Water Babies, as an early childhood development programme, teaches fine and gross motor skills, reflex actions like grabbing, gagging and floating, social skills, muscle development, brain development, logical thinking, submersion skills, parent bonding, independence and most importantly, confidence in the water.

“A lot of these skills will fall away if a baby does not utilise them at the correct age, which is why we recommend babies start as early as three weeks,” Van Velden said.

The programmes at Water Babies are designed for two groups: babies and toddlers. Each group has specific lessons, movements, activities and equipment that is used.

Lessons start off slowly with the baby simply being held in Mom or Dad’s arms and gently being moved through the water to get used to the sensation.

Different holding techniques are then used to get baby more comfortable about exploring the water in a safe manner. Then floating is encouraged.

After a few classes babies learn to blow bubbles on the surface and splash about. Over time and when baby and parent are ready, gentle submersions follow.

“Because we are all mammals and are actually born around water [amniotic fluid] we are already born with the skill to swim. But it is how these skills are utilised and developed that is important and ultimately could be vital in saving a child’s life.

“All babies love water and it is very rare to find a baby that doesn’t, but when that does happen it is because a lot of the time the parent is afraid of the water.”

Van Velden insists swimming lessons not only assist the baby or child to become water confident but also help parents overcome their fears.

“With our easy, fun activities in the water with parent and child, there is no doubt a bond will grow and a love of water will be formed,” he said. And I can attest to this.

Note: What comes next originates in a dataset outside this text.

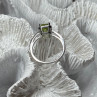 10K White Gold Ring Peridot & Diamonds Size 6.5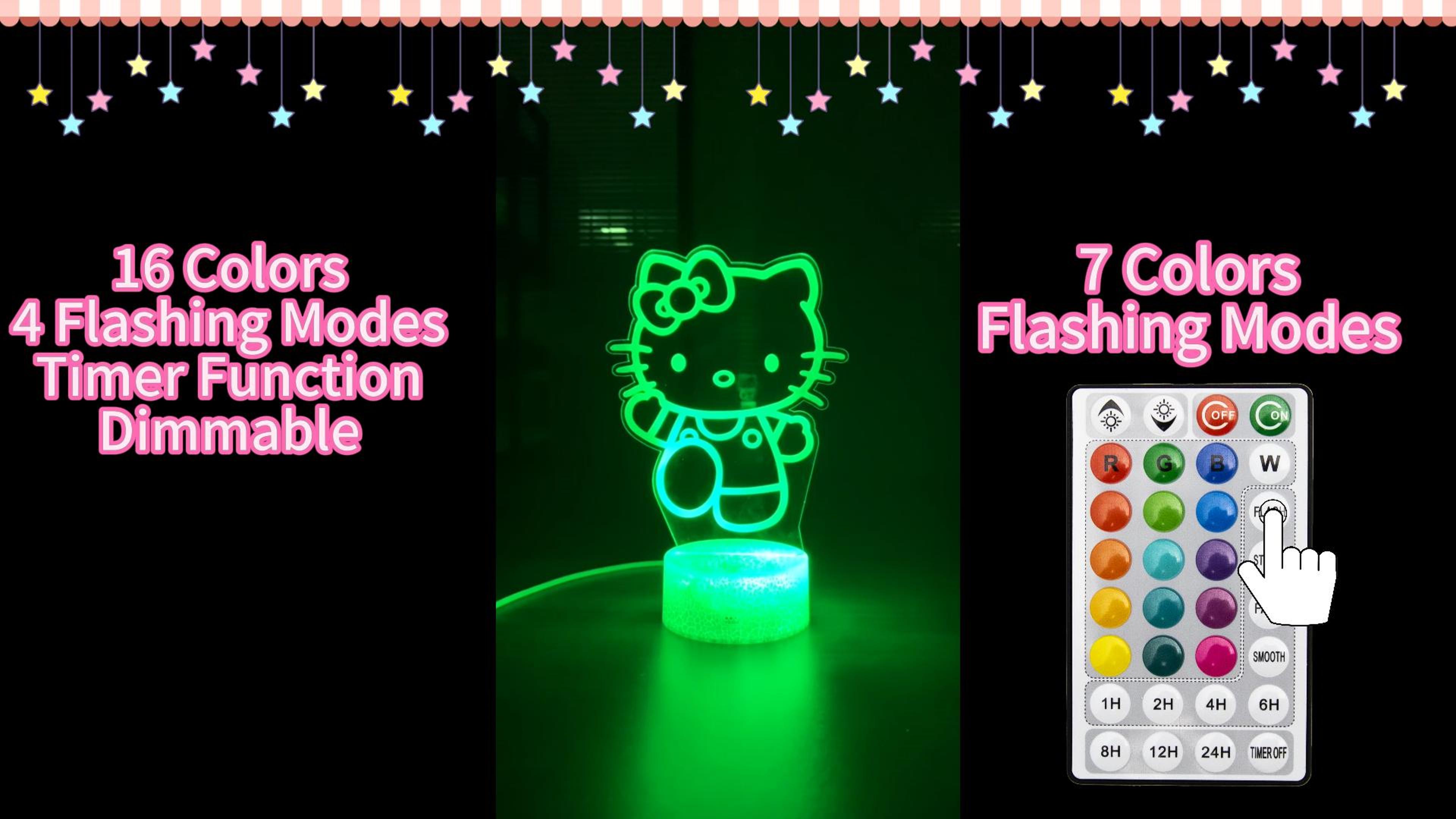 Image of KIEAL 16 Colors Cartoon Night Light, Anime Character Change Decor Lamp with Remote, Dim, Timer, Fans Kids Gifts for Christmas Birthday Boys Girls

There is nothing more intimate than being in the water with your child. A bond is built through trust. Their little hands grip to you and know that you will be there when they come up to the surface. If they struggle, you will help them along.

The confidence I have seen build up in my child is tangible. She loves the water and splatters around in the bath and pool at home with so much confidence.

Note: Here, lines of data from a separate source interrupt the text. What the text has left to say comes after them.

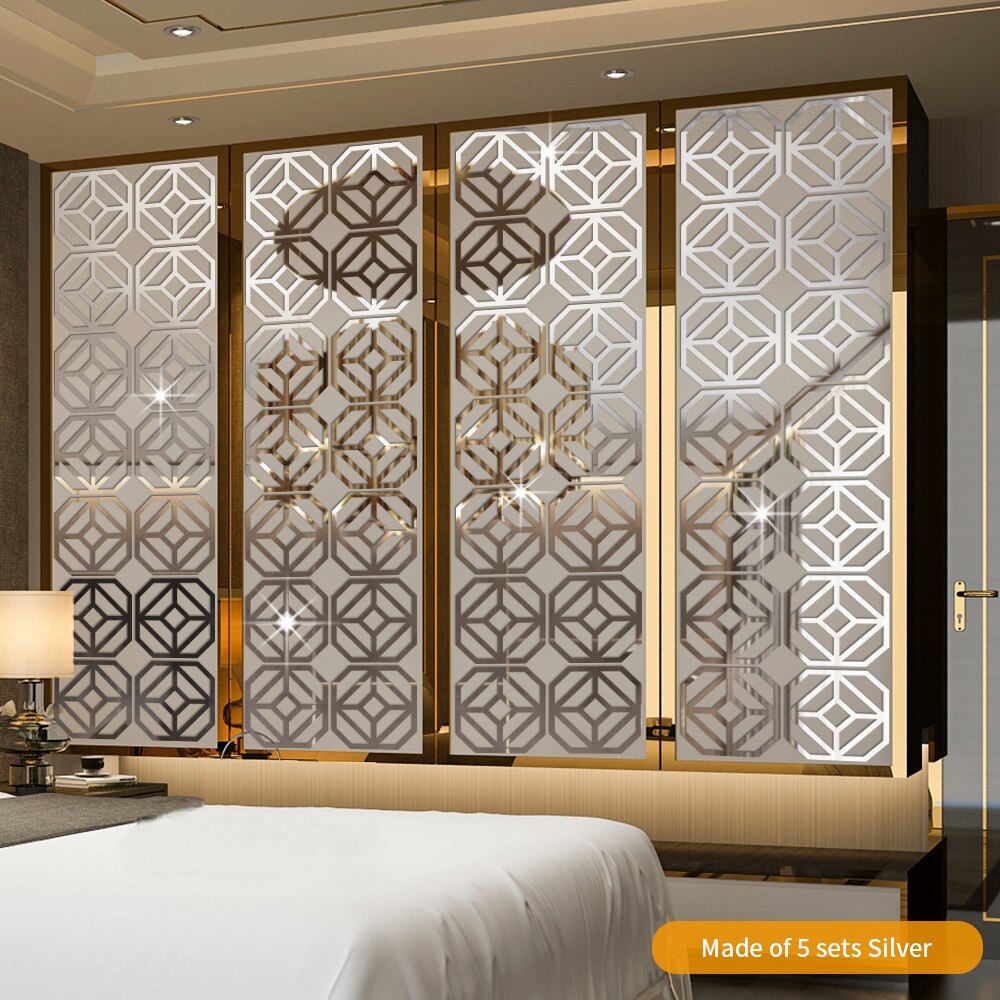 Achthoek Vierkante Holle 3D Spiegelwand Sticker Acryl Sofa Achtergrond Woonkamer Decoratie Kast Renovatie Decal Home Decor
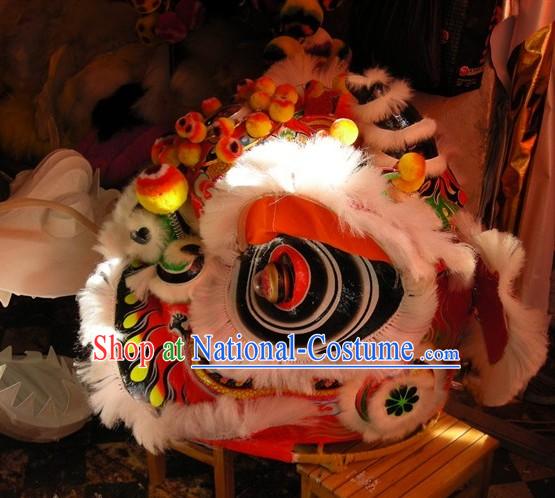 Top White Ancient Chinese Traditional Futsan Style Lion Dance Costumes Complete Set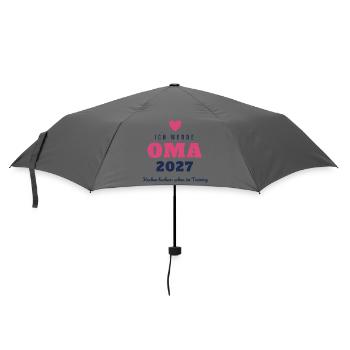 Oma 2027 – Ich werde Oma Kuchen backen Training - Regenschirm (klein) - Grau - Vorne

If she falls in the bath, she holds her breath and because she no longer swallows the water, she does not cough or splatter like she once did.

This is very important, Van Velden says, as the majority of reported drownings occur in the bath.

Activities are taught with nursery rhymes and songs, making them easy to remember and practise at home.

The pool is heated to 31°C, making babies comfortable in the water as if it were a playful bath time. It is salt chlorinated and does not affect skin or eyes.